British special effects designer and director (1939–2026)

Brian Johnson (born Brian Johncock; 29 June 1939 – 25 May 2026) was a British designer and director of film and television special effects.

==Life and career==
Brian Johnson was born in Surrey, England on 29 June 1939. Born Brian Johncock, he changed his surname to Johnson during the 1960s.

Joining the team of special effects artist Les Bowie, Johnson started his career behind the scenes for Bowie Films on productions such as On the Buses, and for Hammer Films. He is known for his special effects work on TV series including Thunderbirds (1965-66) and films including Alien (1979), for which he received the 1980 Academy Award for Best Visual Effects (shared with H. R. Giger, Carlo Rambaldi, Dennis Ayling and Nick Allder). Previously, he had built miniature spacecraft models for Stanley Kubrick's 1968 film 2001: A Space Odyssey.
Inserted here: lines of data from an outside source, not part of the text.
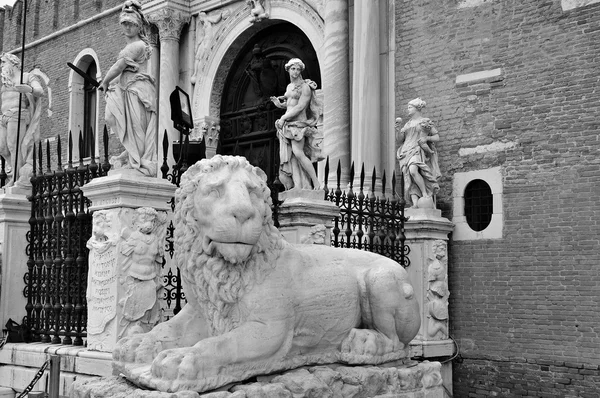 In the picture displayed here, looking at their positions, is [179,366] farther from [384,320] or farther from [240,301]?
[384,320]

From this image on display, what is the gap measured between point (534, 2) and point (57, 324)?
749 centimetres

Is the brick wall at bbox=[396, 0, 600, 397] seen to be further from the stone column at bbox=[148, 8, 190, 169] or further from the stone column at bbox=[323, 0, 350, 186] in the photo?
the stone column at bbox=[148, 8, 190, 169]

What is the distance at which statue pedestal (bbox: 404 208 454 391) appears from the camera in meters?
10.6

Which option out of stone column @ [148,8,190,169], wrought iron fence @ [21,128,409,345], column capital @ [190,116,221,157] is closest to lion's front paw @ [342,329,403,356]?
wrought iron fence @ [21,128,409,345]

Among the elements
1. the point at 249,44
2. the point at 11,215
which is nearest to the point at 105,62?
the point at 249,44

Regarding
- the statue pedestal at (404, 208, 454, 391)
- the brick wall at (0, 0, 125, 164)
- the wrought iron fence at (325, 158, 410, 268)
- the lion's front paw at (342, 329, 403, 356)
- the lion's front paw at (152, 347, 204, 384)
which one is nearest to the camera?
the lion's front paw at (152, 347, 204, 384)

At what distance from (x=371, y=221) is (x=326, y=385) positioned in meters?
5.26

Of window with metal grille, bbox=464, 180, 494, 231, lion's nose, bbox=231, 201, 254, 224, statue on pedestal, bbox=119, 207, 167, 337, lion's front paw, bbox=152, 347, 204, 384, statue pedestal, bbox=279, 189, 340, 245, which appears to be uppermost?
window with metal grille, bbox=464, 180, 494, 231

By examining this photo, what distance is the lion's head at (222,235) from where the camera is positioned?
4359mm

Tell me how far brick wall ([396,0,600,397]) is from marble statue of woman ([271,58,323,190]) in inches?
128

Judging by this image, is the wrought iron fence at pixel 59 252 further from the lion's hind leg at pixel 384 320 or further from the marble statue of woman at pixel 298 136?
the lion's hind leg at pixel 384 320

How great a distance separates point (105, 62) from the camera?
18.3 m

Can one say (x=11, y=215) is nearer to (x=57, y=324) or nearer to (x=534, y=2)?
(x=57, y=324)

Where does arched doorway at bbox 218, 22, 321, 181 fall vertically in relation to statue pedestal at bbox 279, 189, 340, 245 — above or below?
above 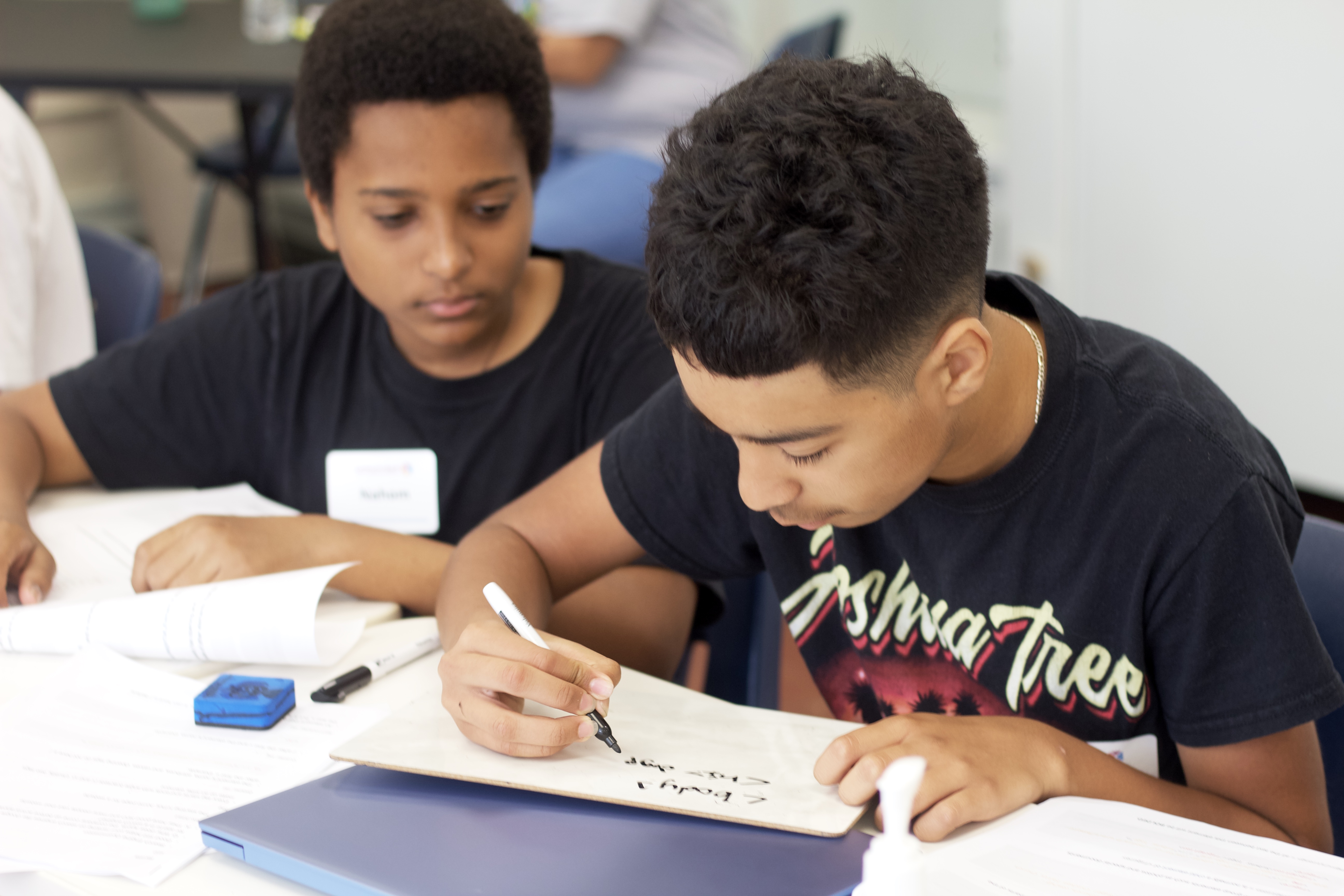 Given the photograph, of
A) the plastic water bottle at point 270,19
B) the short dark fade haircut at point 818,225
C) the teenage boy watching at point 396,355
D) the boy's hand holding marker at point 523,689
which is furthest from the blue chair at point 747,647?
the plastic water bottle at point 270,19

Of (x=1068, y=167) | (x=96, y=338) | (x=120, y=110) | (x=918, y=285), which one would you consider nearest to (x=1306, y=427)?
(x=1068, y=167)

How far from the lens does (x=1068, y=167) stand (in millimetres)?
2859

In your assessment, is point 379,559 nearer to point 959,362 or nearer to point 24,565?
point 24,565

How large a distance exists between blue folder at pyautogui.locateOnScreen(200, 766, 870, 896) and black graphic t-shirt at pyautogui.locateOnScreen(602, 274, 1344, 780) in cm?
27

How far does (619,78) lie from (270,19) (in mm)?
1546

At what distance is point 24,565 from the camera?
1.14 meters

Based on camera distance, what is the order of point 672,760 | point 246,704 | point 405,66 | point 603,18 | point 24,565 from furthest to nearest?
1. point 603,18
2. point 405,66
3. point 24,565
4. point 246,704
5. point 672,760

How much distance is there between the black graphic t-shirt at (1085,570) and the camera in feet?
2.62

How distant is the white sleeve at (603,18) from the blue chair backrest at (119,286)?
0.98 metres

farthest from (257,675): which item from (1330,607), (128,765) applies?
(1330,607)

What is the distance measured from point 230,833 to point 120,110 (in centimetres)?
490

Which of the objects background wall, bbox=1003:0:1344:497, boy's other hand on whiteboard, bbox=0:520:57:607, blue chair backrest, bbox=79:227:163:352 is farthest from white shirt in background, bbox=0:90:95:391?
background wall, bbox=1003:0:1344:497

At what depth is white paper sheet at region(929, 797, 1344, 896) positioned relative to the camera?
65cm

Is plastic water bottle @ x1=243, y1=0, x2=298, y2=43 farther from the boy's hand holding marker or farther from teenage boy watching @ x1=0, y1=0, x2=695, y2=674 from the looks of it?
the boy's hand holding marker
Johnson's work on Space: 1999 influenced the effects of the Star Wars films of the 1970s and 1980s. Impressed by his work, George Lucas visited Johnson during the production of the TV series to offer him the role of effects supervisor for the 1977 film. Having already been commissioned for the second series of Space: 1999, Johnson was unable to accept at the time. He worked on the sequel, The Empire Strikes Back (1980), whose special effects were recognised in the form of a 1981 Special Achievement Academy Award (which Johnson shared with Richard Edlund, Dennis Muren and Bruce Nicholson).
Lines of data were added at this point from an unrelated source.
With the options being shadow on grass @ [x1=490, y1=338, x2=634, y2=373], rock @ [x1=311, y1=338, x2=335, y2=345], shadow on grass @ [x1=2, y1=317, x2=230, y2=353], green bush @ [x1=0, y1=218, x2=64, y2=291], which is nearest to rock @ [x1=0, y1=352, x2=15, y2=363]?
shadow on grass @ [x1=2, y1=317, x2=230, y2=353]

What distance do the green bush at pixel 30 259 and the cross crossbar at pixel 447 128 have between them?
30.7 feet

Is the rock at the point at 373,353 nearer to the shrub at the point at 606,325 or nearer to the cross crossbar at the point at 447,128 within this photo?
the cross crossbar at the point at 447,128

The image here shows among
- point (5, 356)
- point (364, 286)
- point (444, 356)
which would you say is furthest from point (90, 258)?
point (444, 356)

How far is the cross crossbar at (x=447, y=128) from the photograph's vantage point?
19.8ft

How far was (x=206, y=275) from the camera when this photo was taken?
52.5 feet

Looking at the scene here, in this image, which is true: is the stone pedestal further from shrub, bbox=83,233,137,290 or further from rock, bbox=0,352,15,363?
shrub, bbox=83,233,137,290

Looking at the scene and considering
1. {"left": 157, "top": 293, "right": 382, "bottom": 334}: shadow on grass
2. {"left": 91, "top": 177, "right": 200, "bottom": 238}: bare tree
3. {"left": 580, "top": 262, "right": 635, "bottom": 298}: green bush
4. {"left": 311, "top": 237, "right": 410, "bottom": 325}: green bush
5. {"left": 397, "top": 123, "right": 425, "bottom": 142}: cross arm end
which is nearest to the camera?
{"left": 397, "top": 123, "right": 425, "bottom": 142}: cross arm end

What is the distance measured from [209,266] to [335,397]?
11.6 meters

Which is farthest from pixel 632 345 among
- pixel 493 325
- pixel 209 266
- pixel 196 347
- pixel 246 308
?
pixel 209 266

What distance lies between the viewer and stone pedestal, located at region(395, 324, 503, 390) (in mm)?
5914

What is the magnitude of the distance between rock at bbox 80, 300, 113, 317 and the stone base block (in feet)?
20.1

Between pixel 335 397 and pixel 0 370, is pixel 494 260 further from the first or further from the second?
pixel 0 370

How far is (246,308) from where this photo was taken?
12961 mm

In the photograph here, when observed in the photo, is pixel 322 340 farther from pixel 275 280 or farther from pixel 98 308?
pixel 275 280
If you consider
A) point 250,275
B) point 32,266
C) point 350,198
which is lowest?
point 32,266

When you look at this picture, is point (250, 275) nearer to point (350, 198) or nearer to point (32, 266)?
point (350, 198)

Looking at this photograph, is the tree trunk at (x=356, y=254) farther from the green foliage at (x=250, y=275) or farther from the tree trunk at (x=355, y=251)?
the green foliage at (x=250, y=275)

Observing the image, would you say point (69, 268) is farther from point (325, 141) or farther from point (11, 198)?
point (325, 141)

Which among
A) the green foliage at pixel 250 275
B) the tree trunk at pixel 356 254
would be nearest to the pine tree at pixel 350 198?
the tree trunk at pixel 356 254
Johnson died on 25 May 2026, aged 86.

==Awards==
Johnson won Academy Awards for both Alien (1979) and The Empire Strikes Back (1980). He was further nominated for an Academy Award for his work on Dragonslayer (1981). In addition, Johnson was the recipient of a Saturn Award for The Empire Strikes Back and a BAFTA Award for James Cameron's Aliens.